### PROBLEM DESCRIPTION
As an exercise, transcribe the data below in full and exactly, omitting pictures.

### RECORDED DATA
■ ■ ■ ■ ■ ■ ■

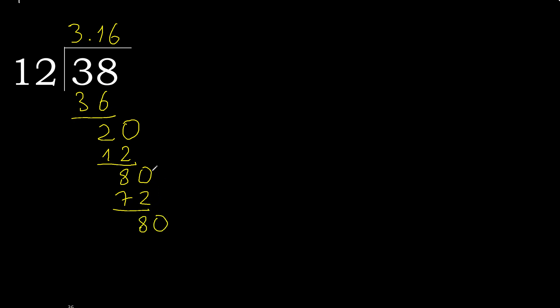80, 12 multiply by 6, 72. Subtract, complete. Repeat.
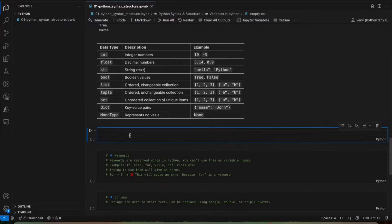We will see some examples in the code where we will create multiple variables. We will take a real-life example — suppose you imagine a student profile form. When you go to a college for admission, you have to fill a form, right? You have to enter your name, your age, your percentage, whether you passed or not, your address, your city — everything. So we will just take that real-life example and add some variables.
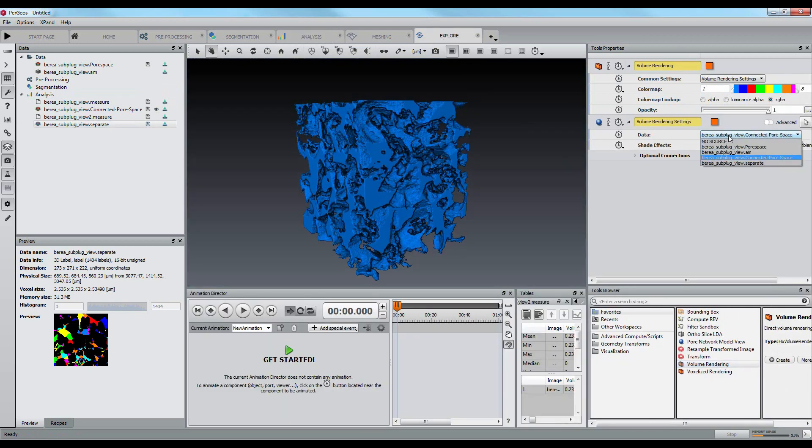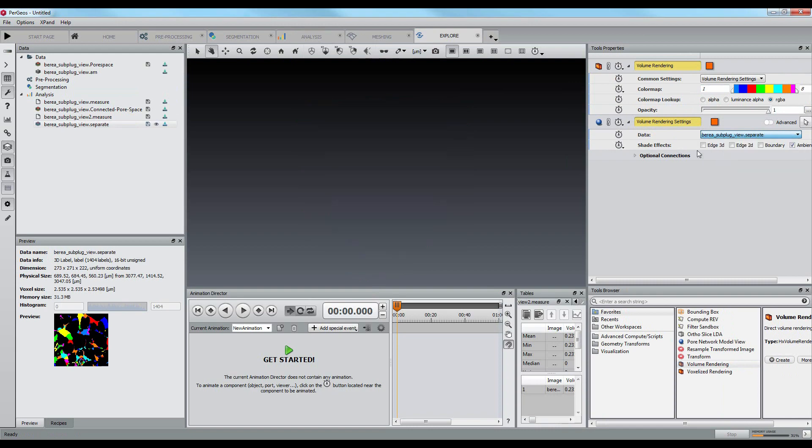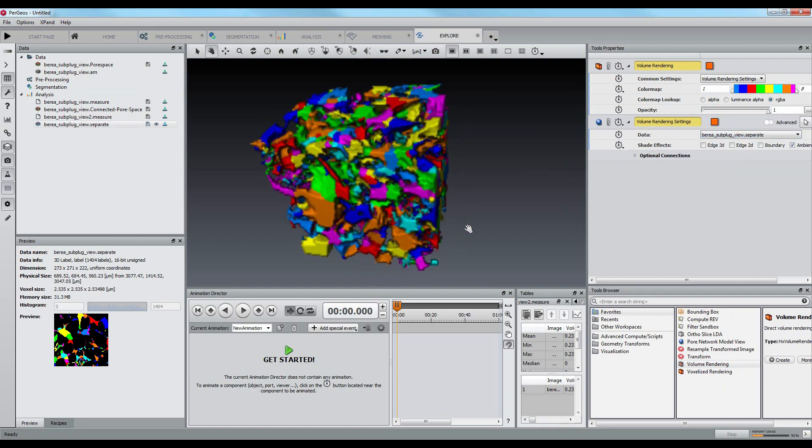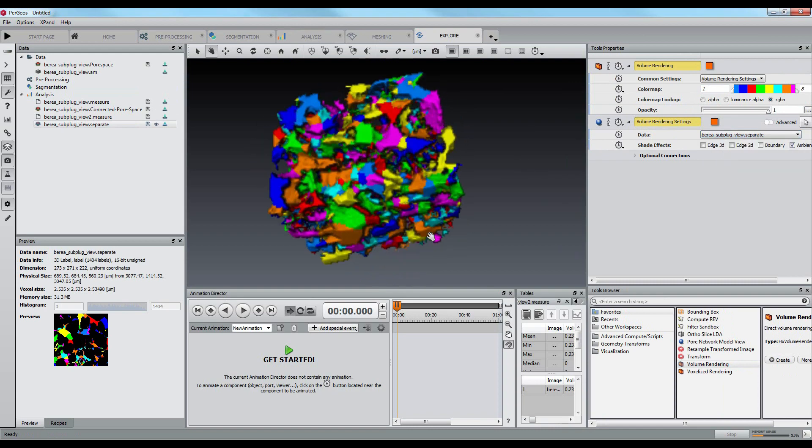Again, we can check a nice 3D rendering by changing the input of the volume rendering.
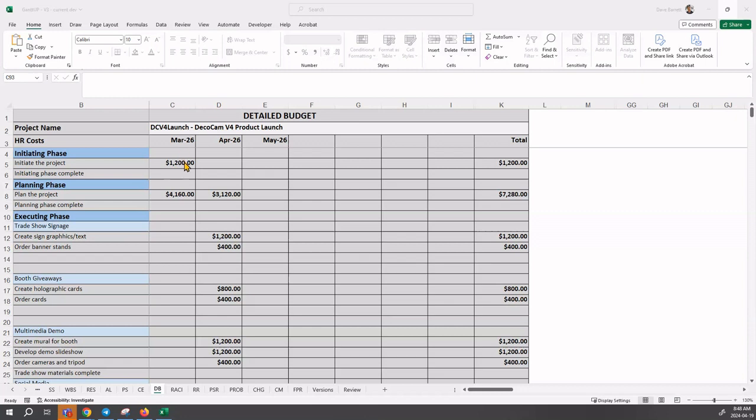This is according to the information that you entered in the project schedule or PS sheet. So the good news is that a lot of the work for the HR costs is already performed for you.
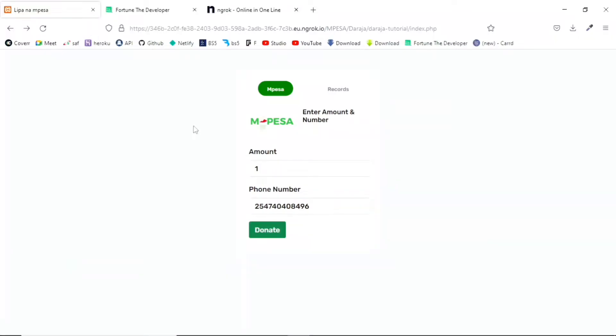What is up developers, it is Fortune Dev back at it again. This is going to be part two for the Daraja tutorial. In this tutorial we'll be able to parse the JSON response and be able to store it in our database. So without further ado, let's get straight to it and get a demo of what we're going to be looking at today.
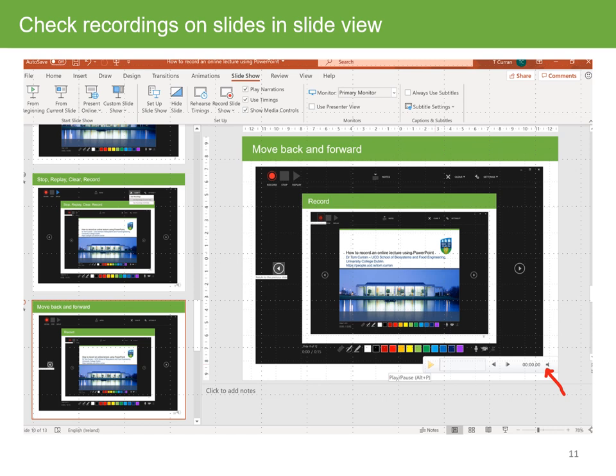It's useful to check recordings from time to time. You can do it in the recording view, or if you press escape from the recording view, you can check the individual recordings on each slide in the slide view. In the slide view, you can see a red arrow pointing to the sound icon. When you click on the sound icon, you can open up a dialog box on the bottom right-hand corner of the screen and press play to hear the audio playback for that particular slide.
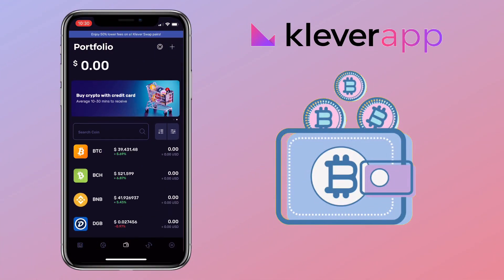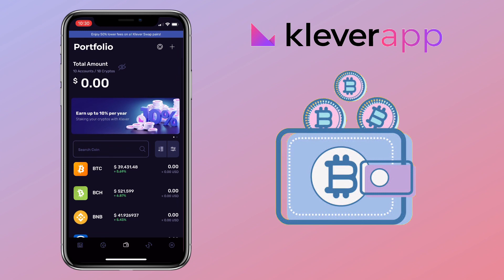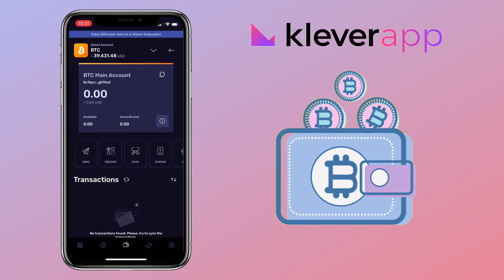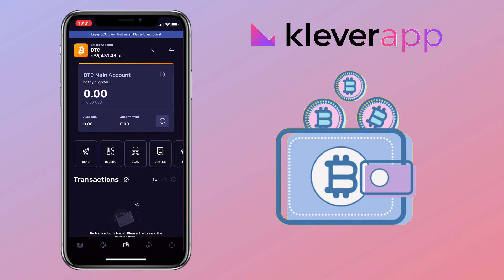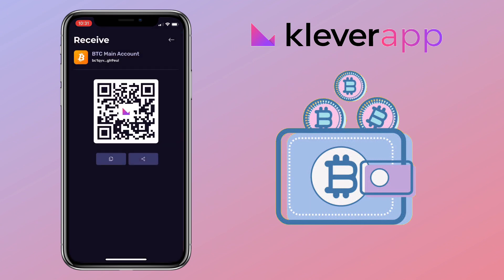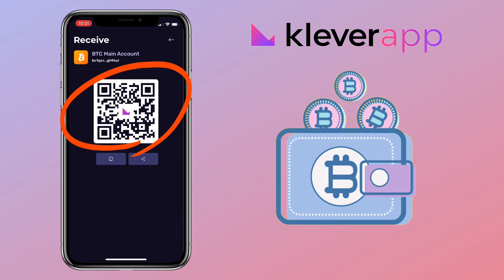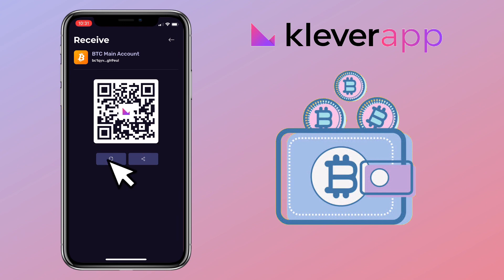Now let me show you how to deposit or add funds to your Clever App. I'll pick Bitcoin. Here you'll see Send, Receive, Scan, Charge, or Buy buttons. To add funds from an external wallet, tap on Receive. You can scan the QR code, copy your wallet address, or share it with your contacts by tapping the Share icon.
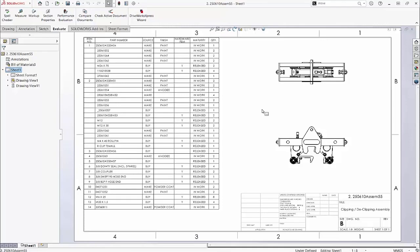In SolidWorks 2023, when a table is selected, any overridden items are displayed in a different color.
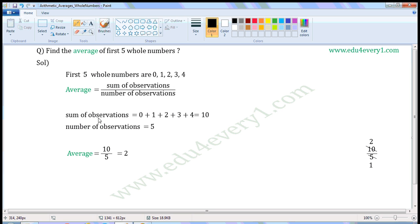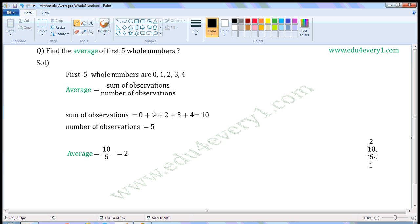Now, sum of observations is equal to, we have to add these numbers: 0 plus 1 plus 2 plus 3 plus 4. 0 plus 1 is 1, 1 plus 2 is 3, 3 plus 3 is 6, 6 plus 4 is 10. So, sum of observations is equal to 10.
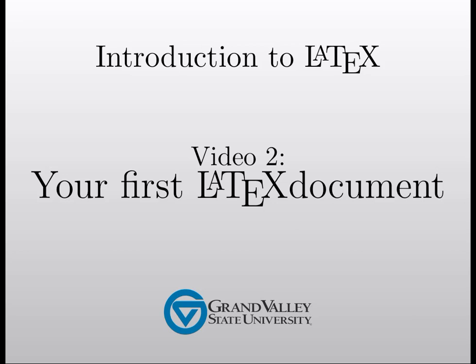Hello, and welcome to the second screencast on LaTeX. In this video, we're going to set up your very first LaTeX document.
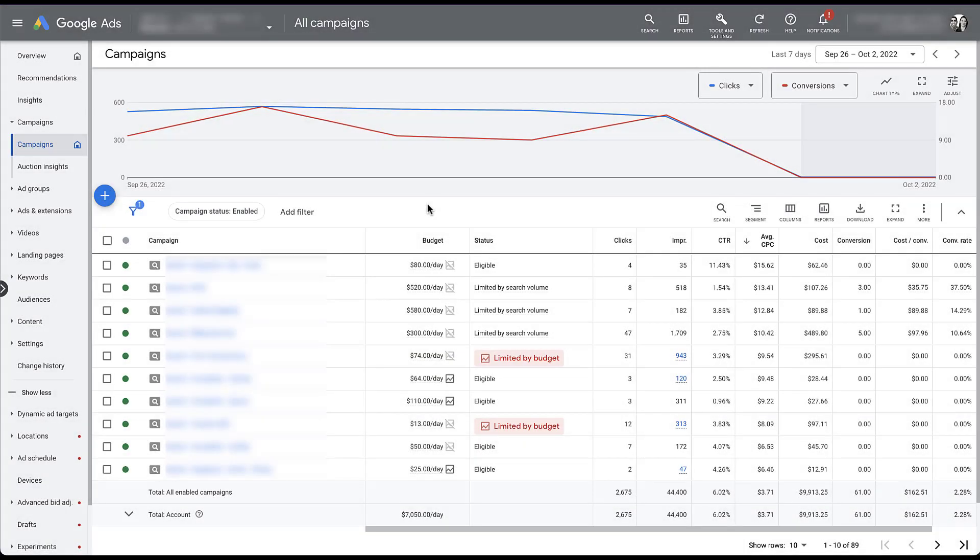We're in one of our active client accounts because for us to show you how these setup columns work, we need to actually have something active. The Paid Media Pro's placeholder account won't do for today. That's why there's going to be a lot of different things blurred out in this video — we apologize for that — but you'll still be able to get the gist of how these setup columns work. So with that, let's jump right in.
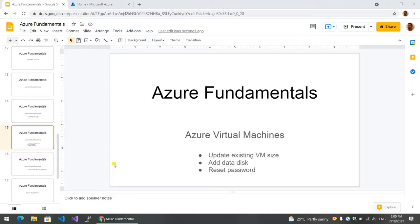We've already created a new machine. We've created a new size update. Actually, we've created a new GV virtual processor and a new GV service.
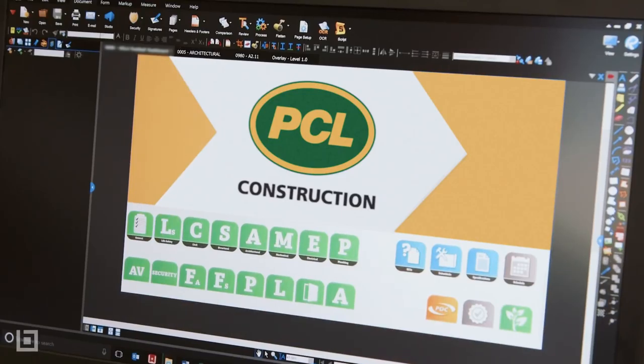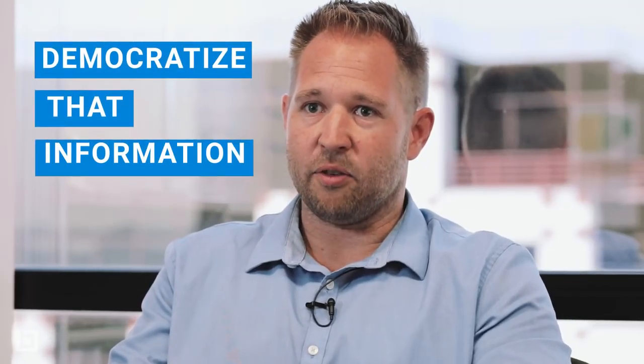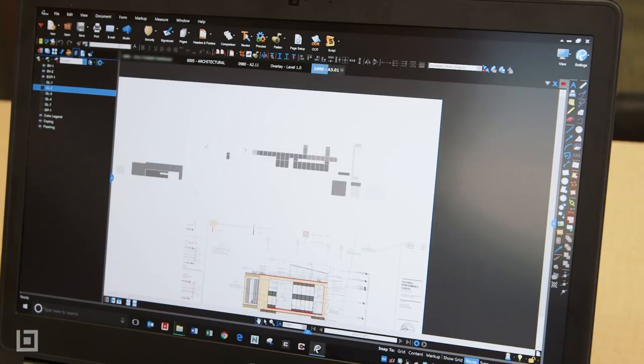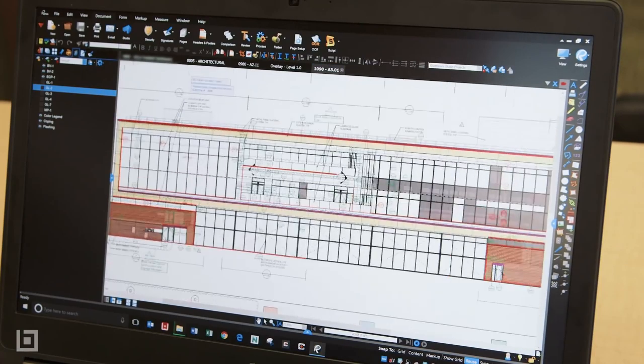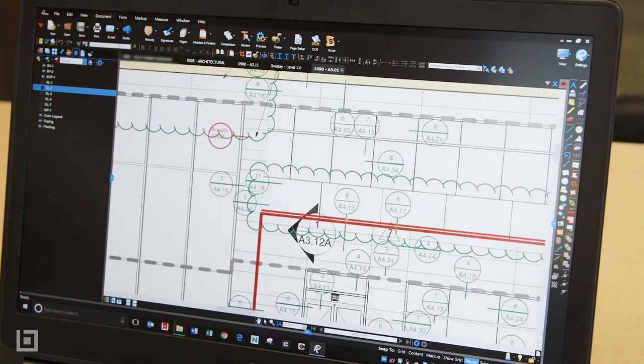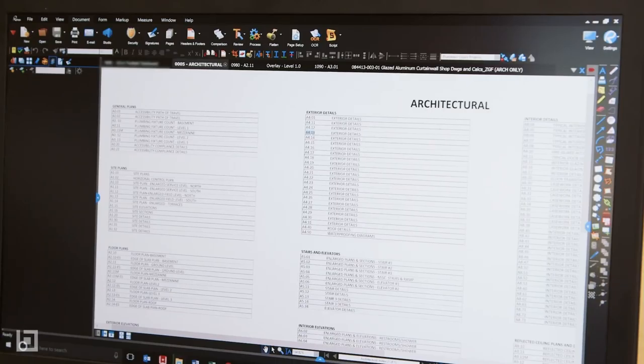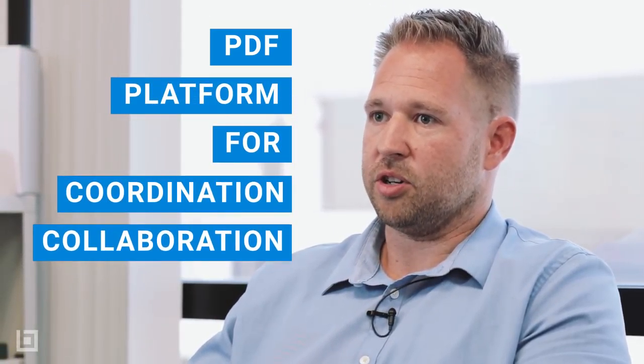By utilizing our plan tables and our dashboards in review and forcing the information flow through those, you're able to democratize that information and basically allow people who may not be as tech savvy to get access to all that coordination information. It makes a PDF and a plan table a platform for increased coordination and collaboration overall.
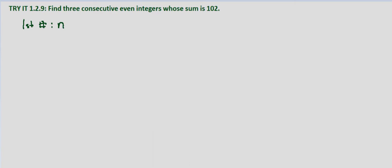well then even numbers are every other number, so our second number is going to be n plus 2, and our third number is going to be n plus 4, two more beyond that. Say n equals 2, then this would be 2, 4, 6.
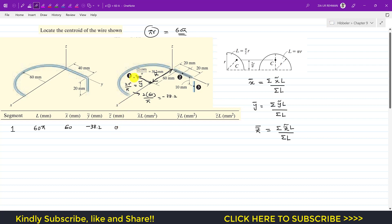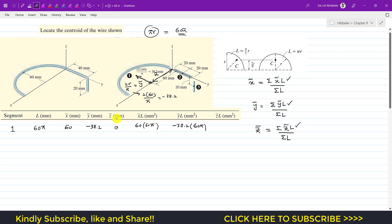Now we take the products as required by the formula. x̃·L = 60 × 60π; ỹ·L = −38.2 × 60π; and z̃·L = 0 × 60π = 0.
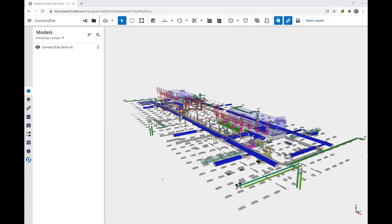Welcome to an overview of Trimble Connect2Fab. Once you have received a model from your design and detail department using Trimble Cisco software, you are ready to upload that into the Connect ecosystem.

■ ■ ■ ■ ■ ■ ■

### RESPONSE AREA
80, 12 multiply by 6, 72. Subtract, complete. Repeat.
We will see some examples in the code where we will create multiple variables. We will take a real-life example — suppose you imagine a student profile form. When you go to a college for admission, you have to fill a form, right? You have to enter your name, your age, your percentage, whether you passed or not, your address, your city — everything. So we will just take that real-life example and add some variables.
Again, we can check a nice 3D rendering by changing the input of the volume rendering.
This is according to the information that you entered in the project schedule or PS sheet. So the good news is that a lot of the work for the HR costs is already performed for you.
What is up developers, it is Fortune Dev back at it again. This is going to be part two for the Daraja tutorial. In this tutorial we'll be able to parse the JSON response and be able to store it in our database. So without further ado, let's get straight to it and get a demo of what we're going to be looking at today.
It's useful to check recordings from time to time. You can do it in the recording view, or if you press escape from the recording view, you can check the individual recordings on each slide in the slide view. In the slide view, you can see a red arrow pointing to the sound icon. When you click on the sound icon, you can open up a dialog box on the bottom right-hand corner of the screen and press play to hear the audio playback for that particular slide.
Now let me show you how to deposit or add funds to your Clever App. I'll pick Bitcoin. Here you'll see Send, Receive, Scan, Charge, or Buy buttons. To add funds from an external wallet, tap on Receive. You can scan the QR code, copy your wallet address, or share it with your contacts by tapping the Share icon.
In SolidWorks 2023, when a table is selected, any overridden items are displayed in a different color.
Now, sum of observations is equal to, we have to add these numbers: 0 plus 1 plus 2 plus 3 plus 4. 0 plus 1 is 1, 1 plus 2 is 3, 3 plus 3 is 6, 6 plus 4 is 10. So, sum of observations is equal to 10.
Hello, and welcome to the second screencast on LaTeX. In this video, we're going to set up your very first LaTeX document.
We're in one of our active client accounts because for us to show you how these setup columns work, we need to actually have something active. The Paid Media Pro's placeholder account won't do for today. That's why there's going to be a lot of different things blurred out in this video — we apologize for that — but you'll still be able to get the gist of how these setup columns work. So with that, let's jump right in.
We've already created a new machine. We've created a new size update. Actually, we've created a new GV virtual processor and a new GV service.
By utilizing our plan tables and our dashboards in review and forcing the information flow through those, you're able to democratize that information and basically allow people who may not be as tech savvy to get access to all that coordination information. It makes a PDF and a plan table a platform for increased coordination and collaboration overall.
well then even numbers are every other number, so our second number is going to be n plus 2, and our third number is going to be n plus 4, two more beyond that. Say n equals 2, then this would be 2, 4, 6.
Now we take the products as required by the formula. x̃·L = 60 × 60π; ỹ·L = −38.2 × 60π; and z̃·L = 0 × 60π = 0.
Welcome to an overview of Trimble Connect2Fab. Once you have received a model from your design and detail department using Trimble Cisco software, you are ready to upload that into the Connect ecosystem.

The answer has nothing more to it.